他のエリアは恐らく、エリア自体が目隠しになっているために偽の建物を用意する必要がないのだろう。
「その後は問題なく南の壁に当たります。そこにあった建物で待っていた北政宗と戦闘になりました」
「待ってたの」
「はい。基地にはポイントを配布していませんから、おかしな話です」
自身に配布されているポイントで基地を得て、退散すれば良いのだ。
あの基地が偽物か、それとも他組織の基地か。それは分からないが、少なくとも東の基地でないことはすぐに分かるはずだ。
大体の場所を把握しているのなら、待つより基地を探しに行った方が良い。
「もしや…基地はひとつ奪われていますか」
基地を奪ったうえで待っていたのであれば、端で待っていたことも頷ける。地形把握のために必ず訪れるからだ。

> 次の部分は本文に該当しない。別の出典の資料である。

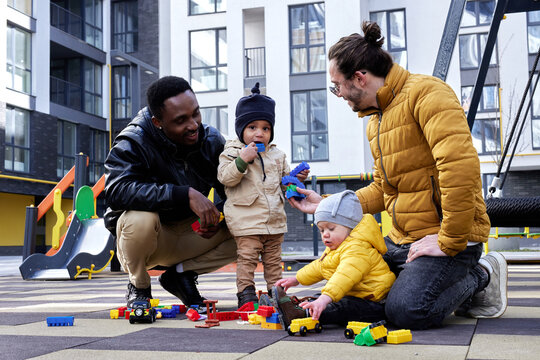 Father Proposing Toys To Child On Play Area 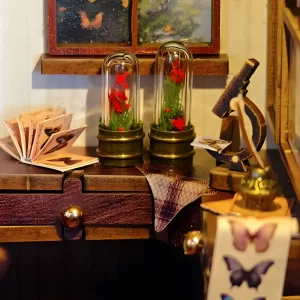 Detailed miniature desk in the countryside studio book nook, featuring flower cloches and a tiny microscope for peaceful décor.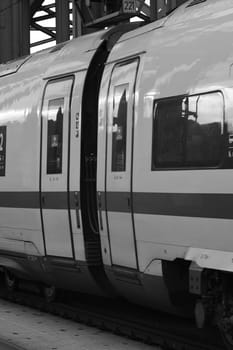 Grayscale closeup of the wagon and the door of a German express train in Cologne, Germany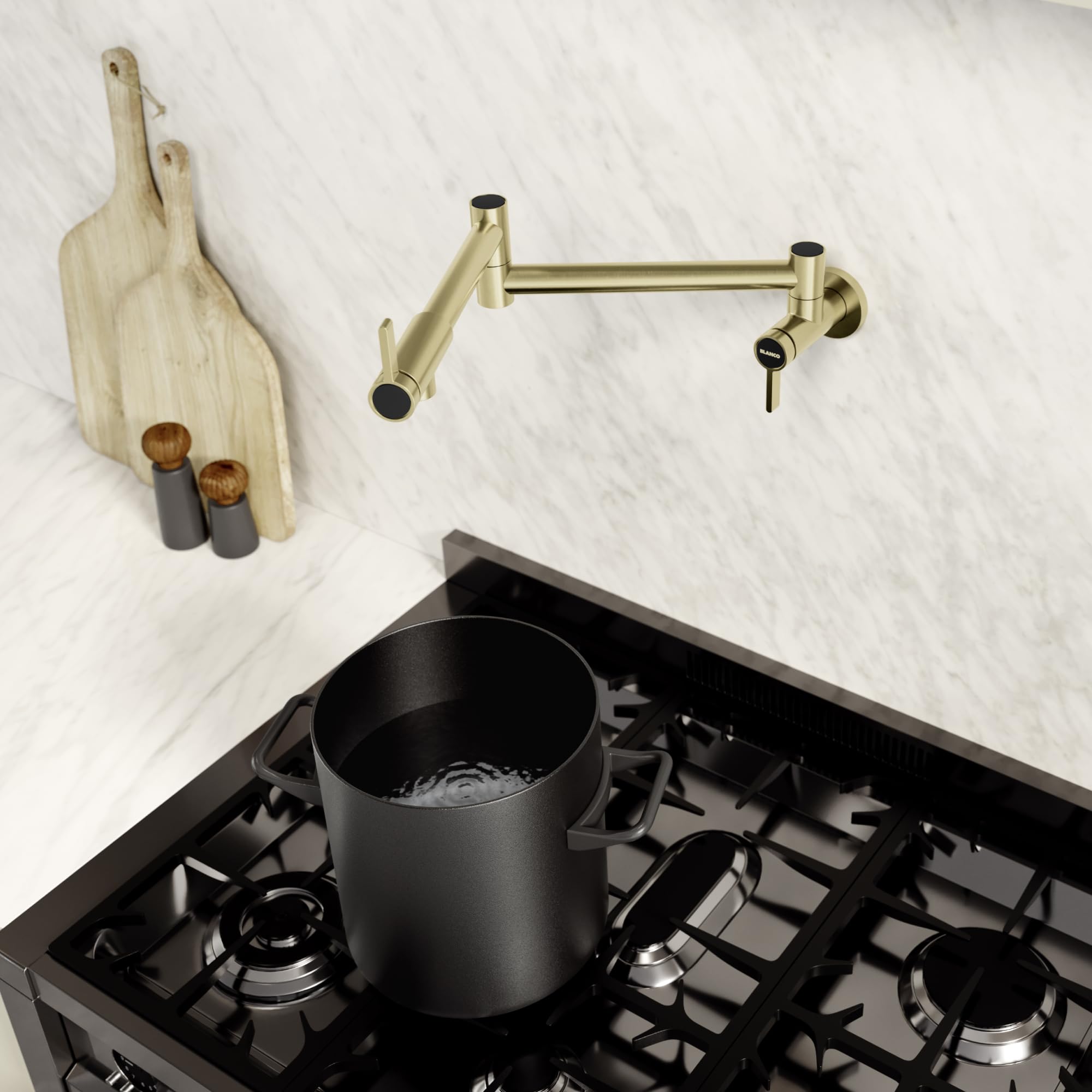 Satin gold wall-mounted potfiller faucet with articulating arm over gas cooktop holding black pot.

そして偽の基地にいた者が、東の者が通過したことを知らせる。0.3km程度なら大よその時速は分かるはず。
1名殺せば戦闘開始前にあったポイントが尽きる。それを分かっていたかは分からないが、極々僅かになることは分かっていただろう。
晴臣さんは意味深な笑みを浮かべると、静かに俯いた。
私が手こずったせいで戦況はより不利なものになった様だ。
北政宗はどの程度のポイントを配布されていて、どれだけ基地に使用したのだろう。もし多くのポイントを所持したままであれば、それだけは手に入れられたことになる。
「ふうぅん」
ボスがたまに口にする、ため息の様な返事の様な、そんなもの。母親が口にしていたものを聞いたのだろうか。
そんなとこは似ていなくても良いのに。